Data and Blame: The Crisis of 1720 in 18th-Century Economic Thought

Monday, January 6, 2020: 11:00 AM
Riverside Ballroom (Sheraton New York)
Trevor Jackson, George Washington University
Are financial crises natural and inevitable, or are they somebody’s fault? Since 2008, one vibrant body of scholarship has begun to historicize and reinterpret past financial crises, while another has focused on discovering and rehabilitating an alternative canon of non- and pre-Smithian economic thought. So far there is little recognition that these two literatures might be connected. This paper addresses that gap by examining how two generations of eighteenth century writers and thinkers tried to understand the world's first international financial crisis: the crashes in Paris and London during the summer and winter of 1720. Specifically, it focuses on the theme of “despotic finance” that emerged in their attempts to make sense of what happened and to determine whose fault it was. Political economy writing in the 1730s and 1740s was dominated by men who had been personally involved in the crisis, especially in John Law’s System: Richard Cantillon, Nicolas Dutot, Jean-François Melon, Joseph Pâris Duverney, and Claude Pâris le Montagne. They were preoccupied both with the intellectual task of understanding the crisis and the political imperatives of guilt and exoneration.

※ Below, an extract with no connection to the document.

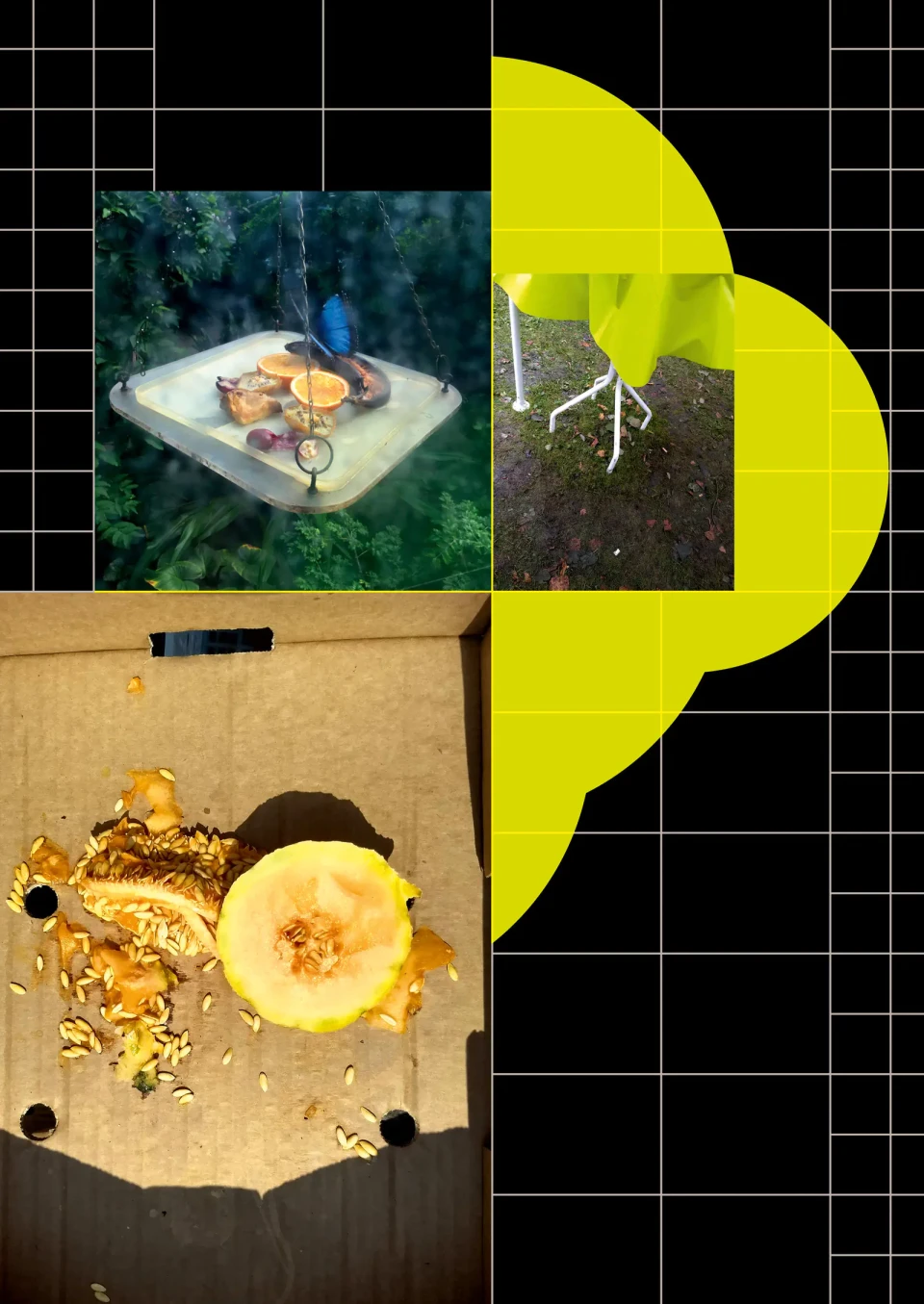 Drei fotografische Aufnahmen arrangiert um eine gelbe geometrische Form: oben links ein Feuer in einer Schale über Wasser, oben rechts eine Pflanze auf dunklem Boden, unten links goldene Materialien und eine gelbe Scheibe auf Papier. Die Bilder sind auf einem schwarzen Rasterhintergrund angeordnet.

Since the crisis was an emergent event that took place in several financial markets of ferocious technical complexity, these arguments revolved around who knew, or should have known, what facts, and when, and what responsibilities they had to make those facts public. They conducted this argument in private manuscripts and public pamphlets, anonymous denunciations and policy briefs, continually moving between private personal disputes and claims to public interest and scientific knowledge. Recovering this discussion about the problem of financial impunity reveals the dark side of the familiar eighteenth century discourse on le doux commerce: that financial crises were not natural features of a self-authorized economic, but rather were political or ethical crimes that could and should be eliminated.